The Company’s distribution costs to date in 2007 and 2006 were $5,051,000 and
$4,769,000, respectively. The Company includes these costs in selling and
administrative expenses. Therefore, the Company’s gross earnings may not be
comparable to other companies, as some companies may include distribution costs
in cost of sales.
-10-
Selling
and Administrative Expenses
The
Company’s selling and administrative expenses include, and are primarily related
to, distribution costs, salaries and commissions, advertising costs, employee
benefit costs, rent and depreciation.
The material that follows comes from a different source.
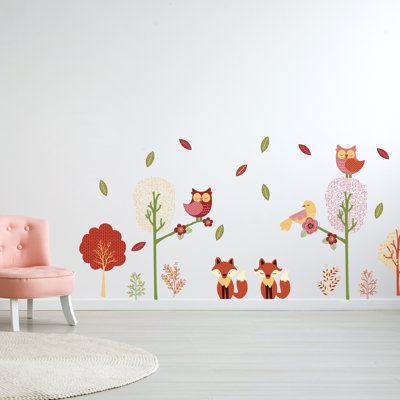 Non-Wall Damaging Wall Decal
In the current quarter, selling and
administrative expenses as a percent of net sales were 23.9% versus 22.7% in
2006. Wholesale selling and administrative expenses as a percent of wholesale
net sales were 19.7% in 2007 and 18.9% in 2006. Retail selling and
administrative expenses as a percent of net sales were 57.6% in 2007 and 53.6%
in 2006.
For
the
nine months ended September 30, selling and administrative expenses as a percent
of net sales were 24.1% in 2007 versus 23.4% in 2006. Wholesale selling and
administrative expenses as a percent of wholesale net sales to date were 20.0%
in 2007 and 19.7% in 2006. Retail selling and administrative expenses as a
percent of net sales were 54.4% in 2007 and 51.8% in 2006. The increase in
wholesale expenses as a percent of sales was due to higher costs in Canada
resulting from the transition this year of the Florsheim business in Canada,
and
in the United States increases in advertising and employee-related costs. The
increase in retail expenses as a percent of sales for both the third quarter
and
first nine months of 2007 was due to higher expenses in relation to sales in
the
new stores, as well as increased costs associated with lease renewals at some
existing stores.
Interest
and Taxes
The
increase in interest income in the third quarter and first nine months of 2007
was due to higher investments in marketable securities, which are primarily
invested in municipal bonds. The decrease in interest expense this year was
due
to lower short-term borrowings in 2007 compared with 2006.
The
effective tax rate for the quarter ended September 30, 2007 and 2006 was 36.6%
and 36.9%, respectively. The effective tax rate for the nine months ended
September 30, 2007 was 36.8% compared with 37.4% in the prior year. The lower
rates in the current year are primarily due to increased municipal bond
interest.
LIQUIDITY
& CAPITAL RESOURCES
The
Company’s primary source of liquidity is its cash and short-term marketable
securities, which aggregated approximately $9.9 million at September 30, 2007
as
compared with $16.9 million at December 31, 2006. During the first nine months
of 2007, the Company’s primary source of cash was from operations while its
primary uses of cash were the purchase of marketable securities, the repayment
of borrowings and repurchases of the Company’s stock. The Company also spent
$2.2 million on capital expenditures in the first nine months of 2007. Capital
expenditures are expected to be between $3 and $4 million for the full year
of
2007 due to remodeling of retail stores and the opening of new
stores.
The
Company generated $14.3 million in cash from operating activities in the first
nine months of 2007, compared with a use of $2.8 million in the prior year
period. This increase was primarily due to changes in operating assets and
liabilities and higher net earnings in 2007.
-11-
Cash
dividends paid were $3.4 million and $2.7 million in the nine months ended
September 30, 2007 and 2006, respectively. In April 2007, the Company’s Board of
Directors increased the quarterly dividend from $.09 per share to $.11 per
share. This represented an increase of 22% compared with the previous quarterly
dividend rate. The impact of this is to increase cash dividends paid annually
by
approximately $900,000.
The
Company continues to repurchase its common stock under its share repurchase
program when the Company believes market conditions are favorable. In the first
nine months of 2007, the Company repurchased and retired 338,699 shares for
a
total cost of $8.9 million.
As
of
September 30, 2007, the Company had a total of $50 million available under
its
borrowing facility, of which total borrowings were $5.5 million. The facility
includes one financial covenant which specifies a minimum level of net worth.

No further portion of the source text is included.